There are three files of significance at the Crymap root:

  • crymap.toml. This is the “system configuration” and provides all of Crymap’s configuration other than logging and that which is represented by the filesystem.

  • logging.toml. If present, replaces syslog-based logging with something else.

  • users. Either a directory or a symlink to a directory which contains one entry for each Crymap user.

Refer to the configuration reference for the two configuration files, and user management for the users directory.

User data directory

The user data directory contains the following files:

  • backups. This contains routine database backups produced atomically by Crymap.

  • crymap-v1-files. This contains the file trees that were present when the user was migrated from Crymap 1.x to Crymap 2.x. It will not be present for users that were created on Crymap 2.x, nor will it be recreated if removed. It is safe to remove entirely once you are sure you don’t need to roll back to Crymap 1.x.

  • delivery.sqlite and delivery.sqlite-journal. This is a cleartext SQLite database used for message delivery. Message delivery occurs without the user being logged in, and information about how such messages are to be added to the user’s account are written here. When the user is logged in, the database is processed and the messages are deposited into their final positions.
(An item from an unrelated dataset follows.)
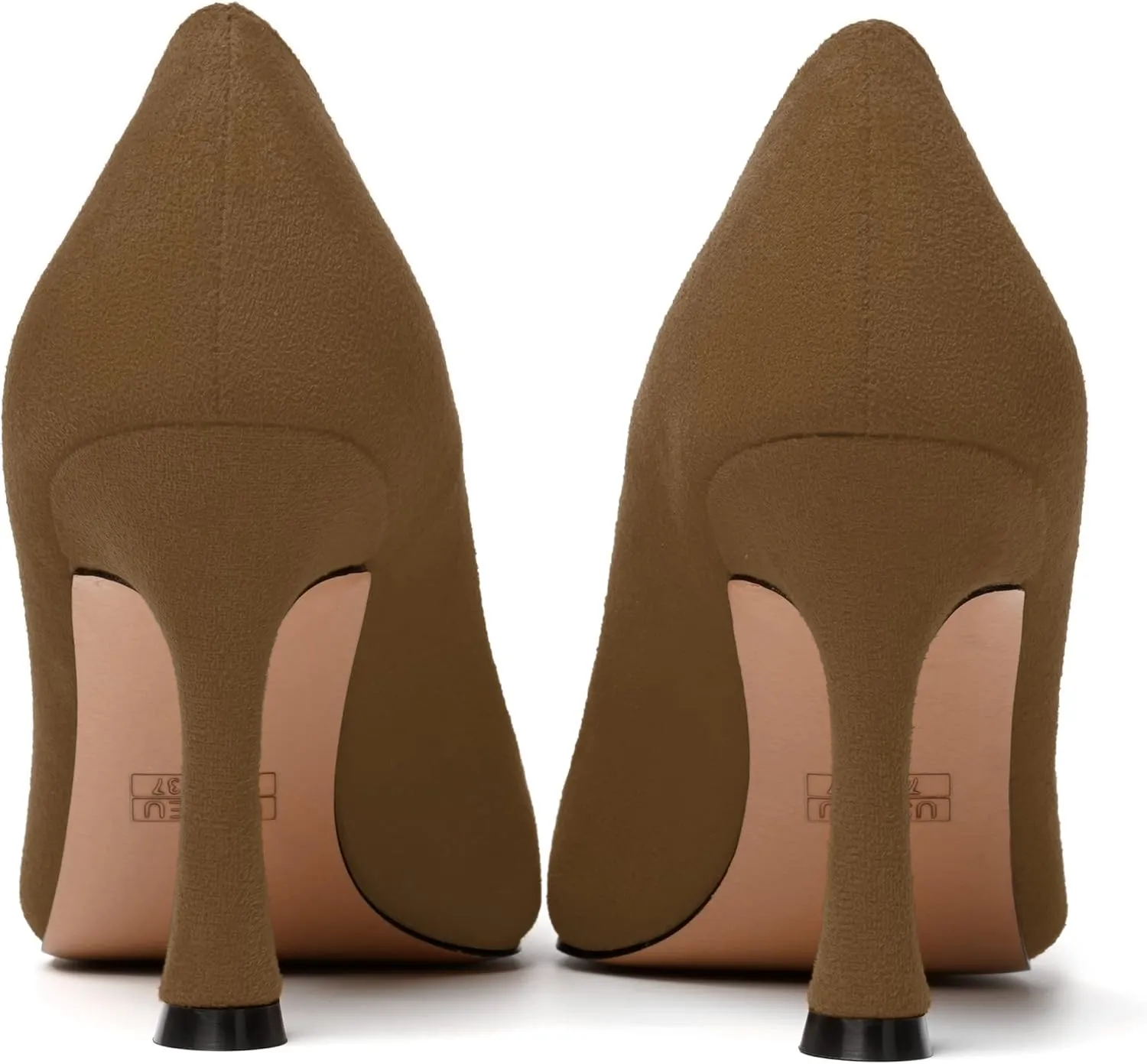 MODENCOCO Womens Fashion Slip On Pointed Toe Sexy Party Suede Stiletto High Heel Pumps Dress Shoes 3.5 Inch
If this database is removed, and pending messages will eventually show up in the inbox once Crymap determines that they have been orphaned.

  • garbage. This is a holdover from Crymap 1.x, and was used internally for deleting directories. It is safe to fully delete all its contents at any time. Crymap itself aggressively cleans it.

  • keys. A directory containing the user’s RSA keys. It is a critical part the user data needed for accessing the user’s mail.

  • maintenance-run. This is a marker file used to track the last time that a full maintenance pass was run on the account. This can be deleted safely, which will cause the next login to trigger a full maintenance pass.

  • messages. This contains the user’s actual email, one file per message.

  • meta.sqlite.xex and meta.sqlite.xex-journal. This is an encrypted SQLite database containing all information about the user’s messages and mailboxes. Atomic backups of meta.sqlite.xex are routinely created under backups. If you restore meta.sqlite.xex from backup, you MUST also remove meta.sqlite.xex-journal at the same time.

  • tmp. Used for temporary files and temporary markers. Crymap will automatically clean stale files out of this directory. It is not too important to back up (though it is also the destination for config backups which allow undoing password changes) but should not be cleaned manually unless there is some clear need to do so.

  • user.toml. This contains the user’s preferences and the data needed to derive their master key from their password. This file can be overwritten with an earlier backup version (either a backup created under tmp or by some external backup system) to revert a password change.

OpenSSL mirrors

If Crymap is set up in a way that causes it to chroot, it will maintain a copy of the system OpenSSL certificate store within each chroot. This will usually manifest as an etc or usr directory within the users directory or within each user directory. This is needed so that certificates of external servers can be validated when using outbound SMTP, as they must access these files after Crymap has moved into the chroot and rendered the normal location of these files inaccessible.

If possible, Crymap will create hard links, but will copy the files if the destination directory is on a different file system.